Data under study -
= Beginning of Section =

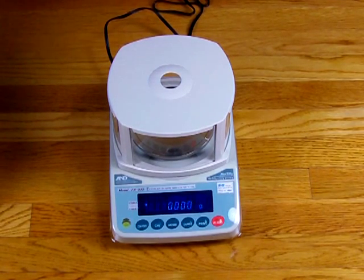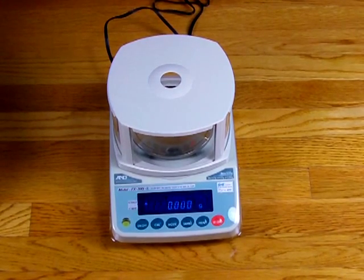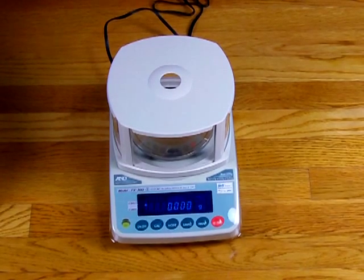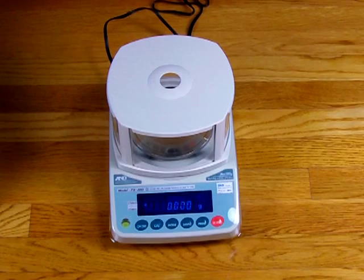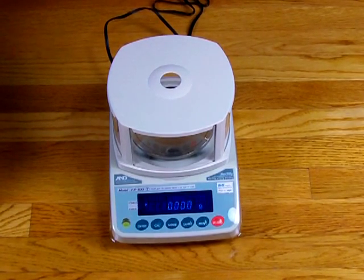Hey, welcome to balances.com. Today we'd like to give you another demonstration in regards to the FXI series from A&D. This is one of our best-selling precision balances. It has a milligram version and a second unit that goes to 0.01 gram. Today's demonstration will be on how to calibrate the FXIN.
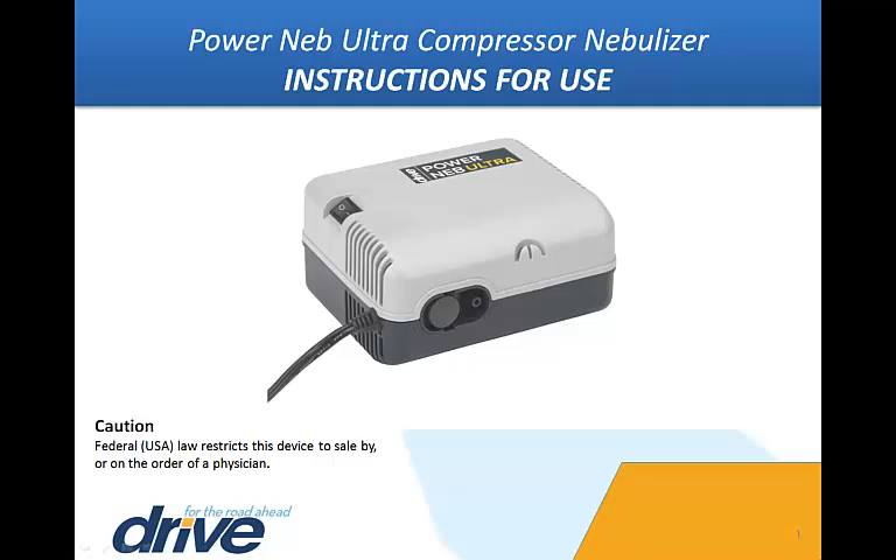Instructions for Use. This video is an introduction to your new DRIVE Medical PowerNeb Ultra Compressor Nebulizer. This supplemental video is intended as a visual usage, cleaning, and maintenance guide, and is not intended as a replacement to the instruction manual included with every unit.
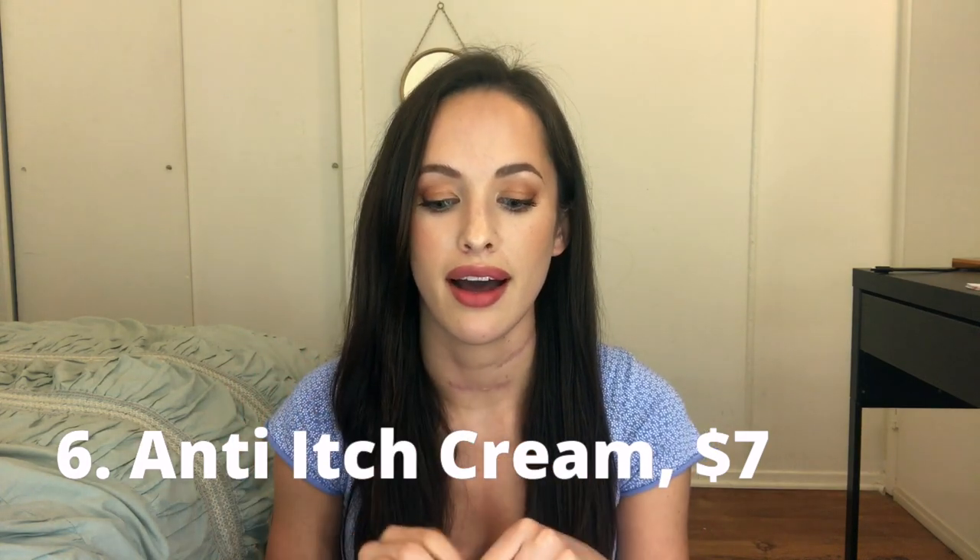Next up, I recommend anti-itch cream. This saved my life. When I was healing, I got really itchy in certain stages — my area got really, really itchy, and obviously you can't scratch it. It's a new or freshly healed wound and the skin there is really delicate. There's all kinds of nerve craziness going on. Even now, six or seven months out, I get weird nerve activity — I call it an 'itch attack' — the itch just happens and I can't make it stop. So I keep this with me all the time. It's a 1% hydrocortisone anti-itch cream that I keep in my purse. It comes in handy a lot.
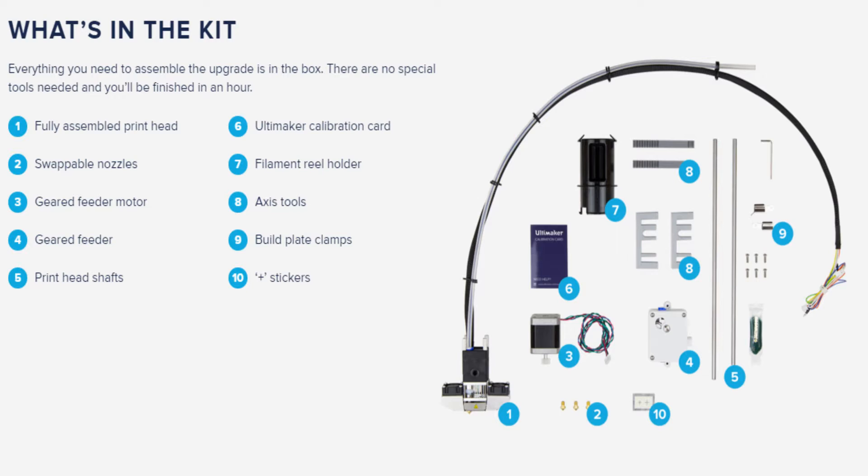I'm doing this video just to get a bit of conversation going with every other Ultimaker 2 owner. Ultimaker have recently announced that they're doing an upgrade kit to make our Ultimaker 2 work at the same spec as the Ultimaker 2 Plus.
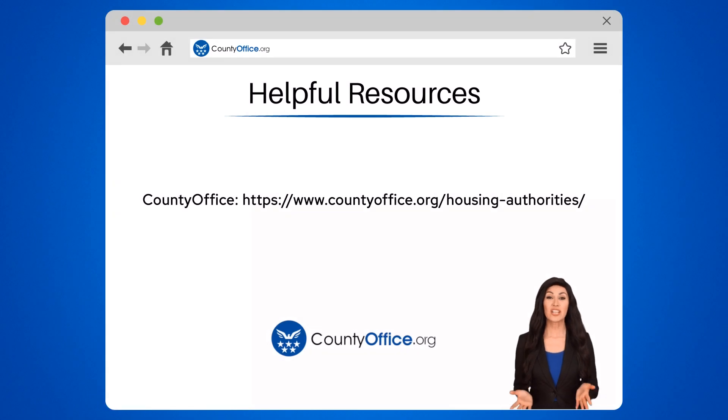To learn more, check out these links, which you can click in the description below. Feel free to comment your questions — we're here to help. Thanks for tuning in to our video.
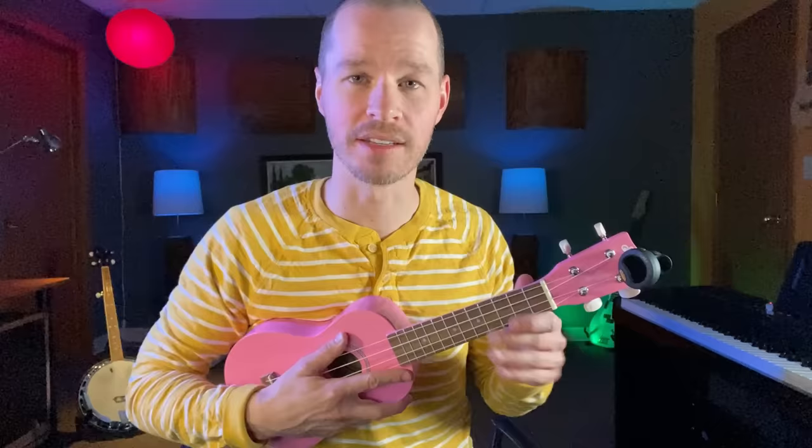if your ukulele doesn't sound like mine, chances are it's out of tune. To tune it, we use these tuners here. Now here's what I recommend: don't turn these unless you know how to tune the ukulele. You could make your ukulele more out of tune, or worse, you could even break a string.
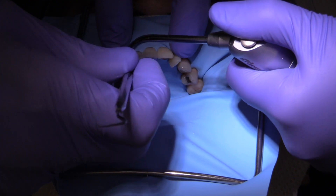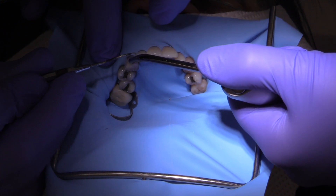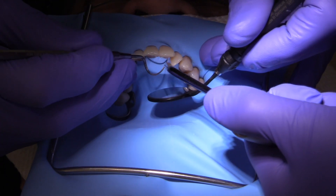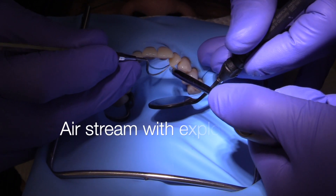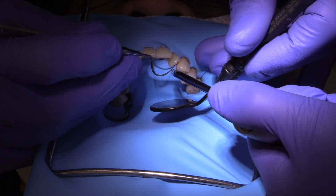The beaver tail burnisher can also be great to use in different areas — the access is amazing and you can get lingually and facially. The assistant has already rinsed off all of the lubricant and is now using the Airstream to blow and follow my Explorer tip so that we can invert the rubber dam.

= End of Section =
= Beginning of Section =

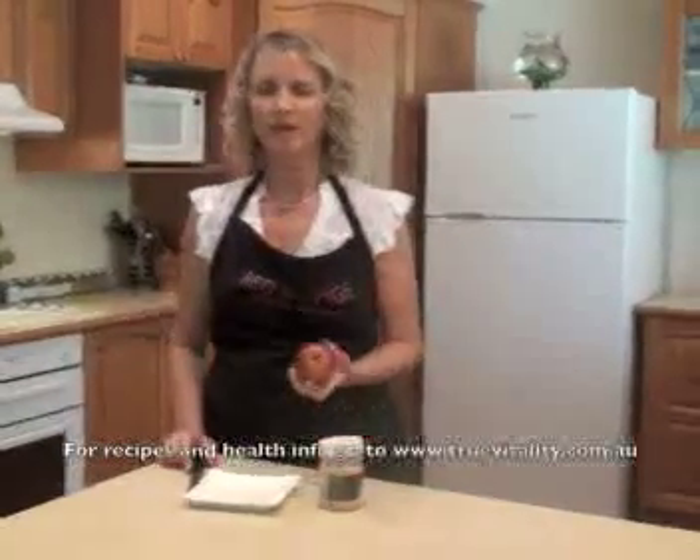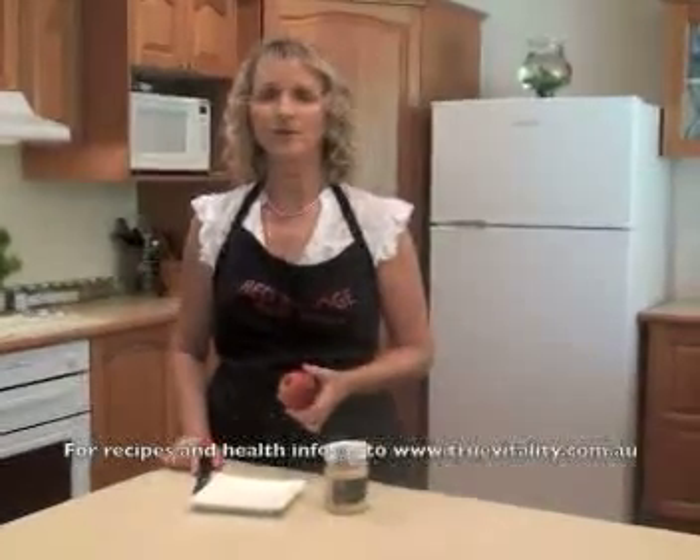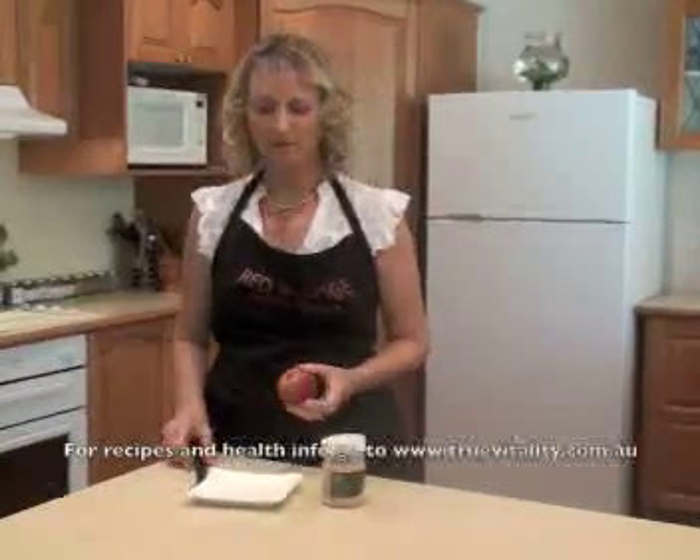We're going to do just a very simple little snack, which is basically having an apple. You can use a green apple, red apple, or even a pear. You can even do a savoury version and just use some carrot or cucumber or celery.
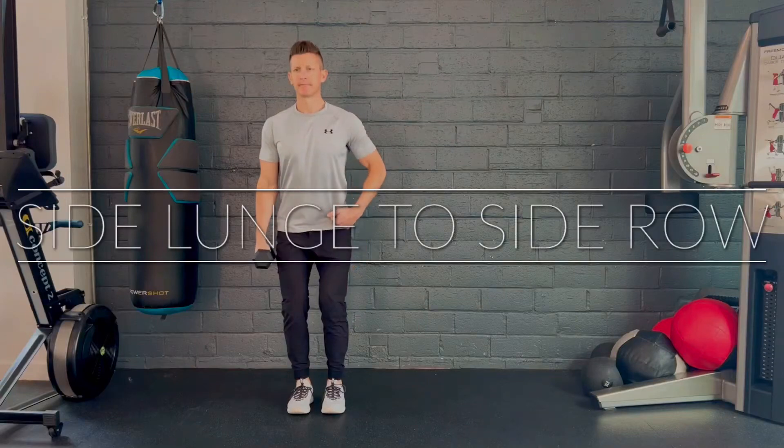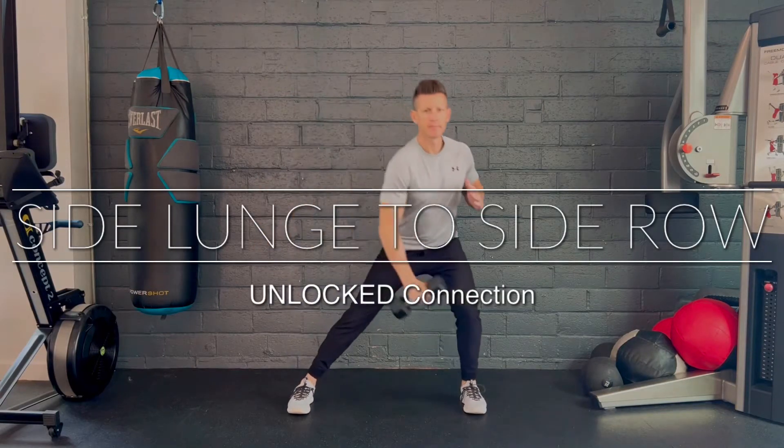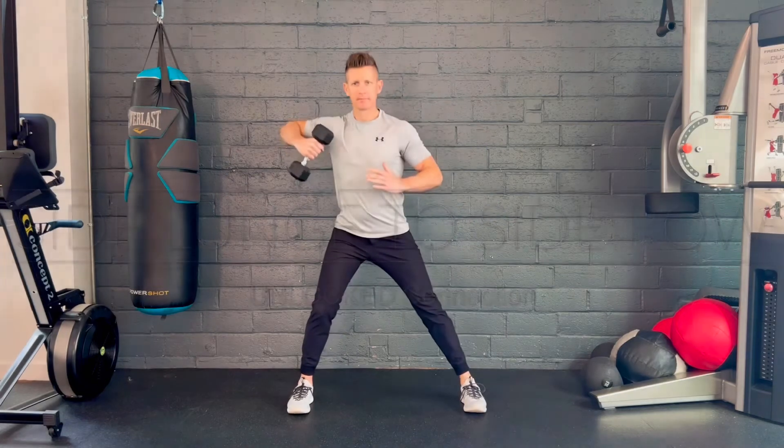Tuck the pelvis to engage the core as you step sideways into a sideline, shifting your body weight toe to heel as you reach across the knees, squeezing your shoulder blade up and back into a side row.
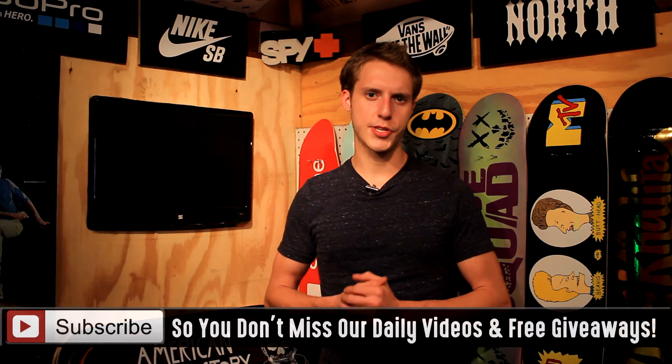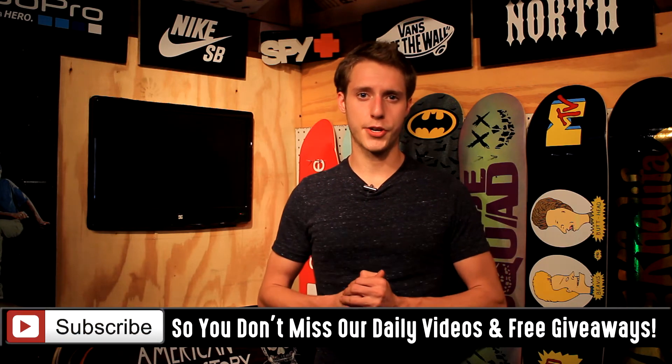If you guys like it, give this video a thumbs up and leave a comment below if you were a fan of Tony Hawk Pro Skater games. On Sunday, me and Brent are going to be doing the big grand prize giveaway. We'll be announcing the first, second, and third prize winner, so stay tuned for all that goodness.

= End of Section =
= Beginning of Section =

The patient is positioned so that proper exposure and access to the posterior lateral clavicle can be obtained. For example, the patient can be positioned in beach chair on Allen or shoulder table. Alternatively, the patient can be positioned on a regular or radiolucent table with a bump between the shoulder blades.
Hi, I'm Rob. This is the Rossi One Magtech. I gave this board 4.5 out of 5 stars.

= End of Section =

Goal of the exercise -
Drop the pictures; return the lines above from the line containing "We're going to" to the line containing "If you guys", both included, exactly.

Task output -
We're going to do just a very simple little snack, which is basically having an apple. You can use a green apple, red apple, or even a pear. You can even do a savoury version and just use some carrot or cucumber or celery.
Tuck the pelvis to engage the core as you step sideways into a sideline, shifting your body weight toe to heel as you reach across the knees, squeezing your shoulder blade up and back into a side row.
If you guys like it, give this video a thumbs up and leave a comment below if you were a fan of Tony Hawk Pro Skater games. On Sunday, me and Brent are going to be doing the big grand prize giveaway. We'll be announcing the first, second, and third prize winner, so stay tuned for all that goodness.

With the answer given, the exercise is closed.